Ich befuerchte, in TH geben die Betonschutzwaende nicht nach und sie sind mit dem Untergrund verbunden.

Ich habe auch noch nicht bewusst eine beschaedigte Betonwand gesehen, ausser halt Kratzern.

Bei Leitplanken aus Metall sehe ich aber immer wieder deutliche Beschaedigungen.

Bei beiden Ausfuehrungen MUSS die Beschaedigung umgehend beseitigt werden, weil dadurch eine zusaetzlich Gefaehrdung besteht, wenn da einer gegenfaehrt.

----------


## Siamfan

So wie ich TH und die Thailaender heute kenne, hat diese "Wartungsfreundlichkeit" den Ausschlag fuer die Zuschlagsentscheidung gegeben!!

----------


## Siamfan

Da sieht man eigentlich recht deutlich,  wie die Wände einbetoniert sind. 
In der Mitte läuft noch eine Armierung durch. 

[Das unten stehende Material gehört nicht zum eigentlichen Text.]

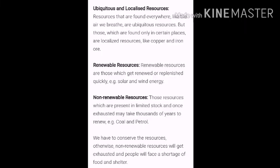Ubiquitous resources are those resources that are found everywhere, like soil, air, and water. Whereas localized resources are those resources which are found only in certain places, and we are not always assured of where exactly they are found.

Für Pkws mag das ok sein!? 
Die kommen unten an den Sockel und kippen an die Wand und verlieren Energie. 
Es gibt kaum Schwerverletzte oder gar Tote,  und die Betonschutzsysteme sind kaum beschädigt. 
Anders bei zB bei den Hochlastigen VANs/Minibussen.
Die kommen mit den Rädern an den schrägen Sockel,  kippen gegen die senkrechte Schutzwand,  da der Schwerpunkt aber sehr hoch ist,  , rollen sie einfach über die Oberjante,  auch in den Gegenverkehr hinein und verursachen schreckliche Unfälle. 
Das sollte auch bei SUVs so sein und großen Bussen und LKWs.

----------


## Siamfan

Ich komme auf die Leitsysteme nochmal zurück. 
Aber ich will hier mal weiter kommen. 


Mit dem seitlichen Unterfahrschutz,  werden viele Schwerverletzte und Verkehrstote verhindert. 
Hiermit soll verhindert werden,  Fußgänger,  Kinder,  Zweiräder aller Art,  ... geraten unter den Lkw und werden von den Hinterrädern oder der "hinteren Unterfahrschürze"(=Stoßstange) zermalmt. 
Hier im Süden beobachte ich eine erfreuliche Zunahme. 
Es gibt aber Expats die behaupten,  in (zB)  Chiang Mai gäbe es das nicht.
Der seitliche Unterfahrschutz kann das Unterfahren von PKWs,  Sportwagen,  ... nicht verhindern.  Dafür sind sie nicht stabil genug. 
Das wäre nicht bezahlbar. Da es auch verhältnismäßig selten vorkommt,  zu teuer.

----------


## Siamfan

DAS ist wieder die Todesfalle schlecht hin! 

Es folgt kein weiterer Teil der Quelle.